Nous avons contourné l’écurie. La grosse vache et la petite vache étaient debout à la porte, et nous pouvions entendre Prince et Queenie et Fancy qui piaffaient dans l’écurie. – S’il ne faisait pas si froid, nous pourrions monter sur Fancy, dit Caddy. Mais il fait trop froid pour se tenir aujourd’hui. » Ensuite, nous avons aperçu le cours d’eau où la fumée soufflait.

« C’est là où on tue le cochon, dit Caddy. Nous pourrions revenir par là pour voir. » Nous avons descendu la colline.

— Tu veux porter la lettre ? dit Caddy. Tu peux la porter. » Elle a sorti la lettre de sa poche et elle l’a mise dans la mienne. « C’est un cadeau de Noël, dit Caddy. C’est une surprise que l’oncle Maury veut faire à Mrs Patterson. Il faut la lui donner sans que personne nous voie. Maintenant, garde bien tes mains dans tes poches. » Nous sommes arrivés au ruisseau.

— Il est gelé, tu vois », dit Caddy. Elle a brisé le dessus de l’eau et en a mis un morceau tout près de ma figure. « De la glace. Ça prouve comme il fait froid. » Elle m’a aidé à passer et nous avons monté la colline.

« Il ne faudra pas le dire à maman, ni à papa non plus.

Tu sais ce que je crois que c’est. Je crois que c’est une surprise pour papa et maman et pour Mr Patterson, parce que Mr Patterson t’a envoyé des bonbons. Tu te rappelles quand Mr Patterson t’a envoyé des bonbons, l’été dernier ? »
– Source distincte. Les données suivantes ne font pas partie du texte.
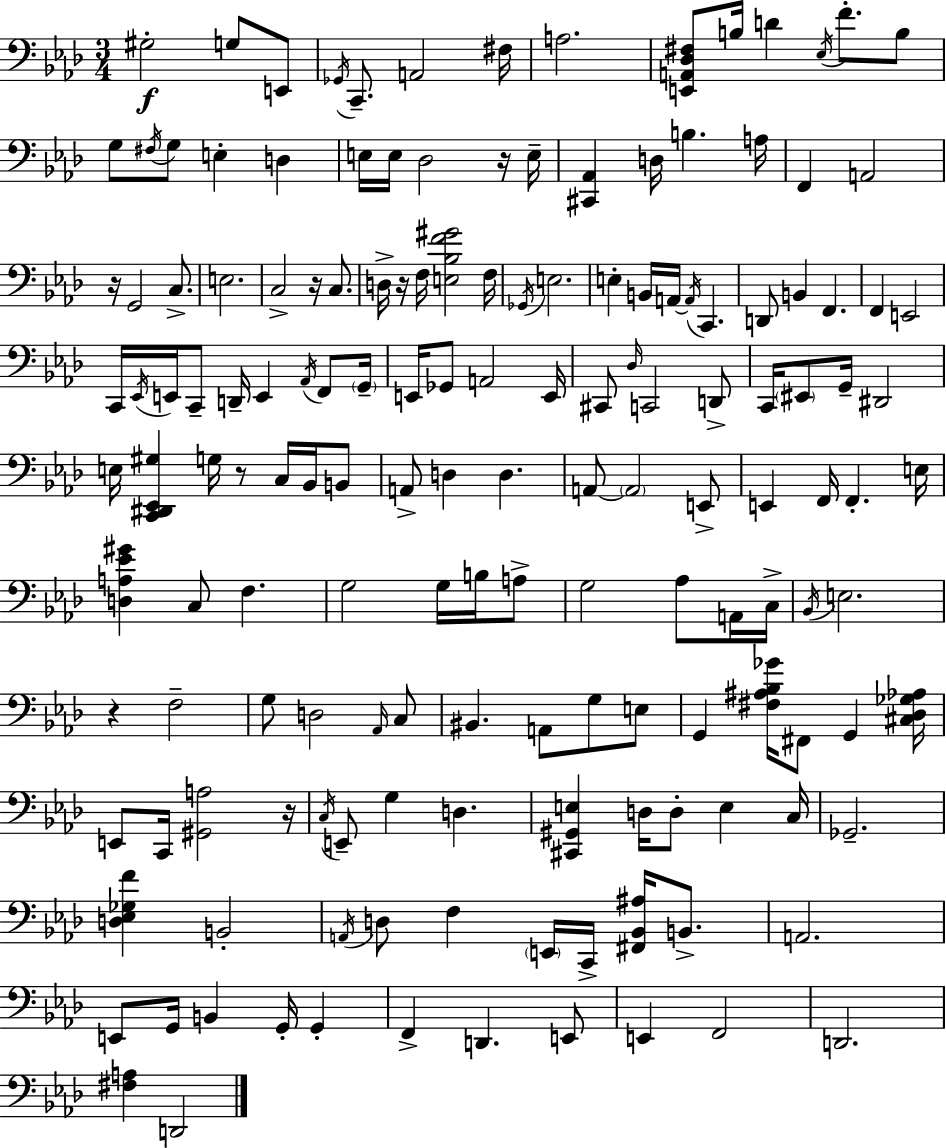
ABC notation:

Il y avait une barrière. Les plantes grimpantes étaient sèches et le vent y faisait du bruit.

— Seulement, je ne comprends pas pourquoi l’oncle Maury n’a pas envoyé Versh, dit Caddy. Versh ne dirait rien. » Mrs Patterson regardait par la fenêtre. « Attends ici, dit Caddy. Attends ici. J’en ai pour une minute. Donne-moi la lettre. » Elle a tiré la lettre de ma poche. « Laisse tes mains dans tes poches. » Elle a grimpé par-dessus la barrière, la lettre à la main, et elle s’est avancée parmi les fleurs brunes et bruissantes. Mrs Patterson est venue à la porte. Elle l’a ouverte et y est restée debout.

Mr Patterson était en train de piocher dans les fleurs vertes. Il s’est arrêté de piocher et m’a regardé. Mrs Patterson a traversé le jardin en courant. Quand j’ai vu ses yeux je me suis mis à pleurer. Idiot, dit Mrs Patterson, je lui ai dit de ne jamais t’envoyer seul. Donne-la moi. Vite. Mr Patterson s’est approché rapidement avec sa houe. Mrs Patterson s’est penchée par-dessus la barrière et a avancé la main. Elle essayait de franchir la barrière. Donne-la moi, dit-elle, donne-la moi. Mr Patterson a franchi la barrière. Il a pris la lettre. La robe de Mrs Patterson était accrochée dans la barrière. De nouveau j’ai vu ses yeux et j’ai descendu la colline en courant.

— Il n’y a rien là-bas, que des maisons, dit Luster. Descendons au ruisseau.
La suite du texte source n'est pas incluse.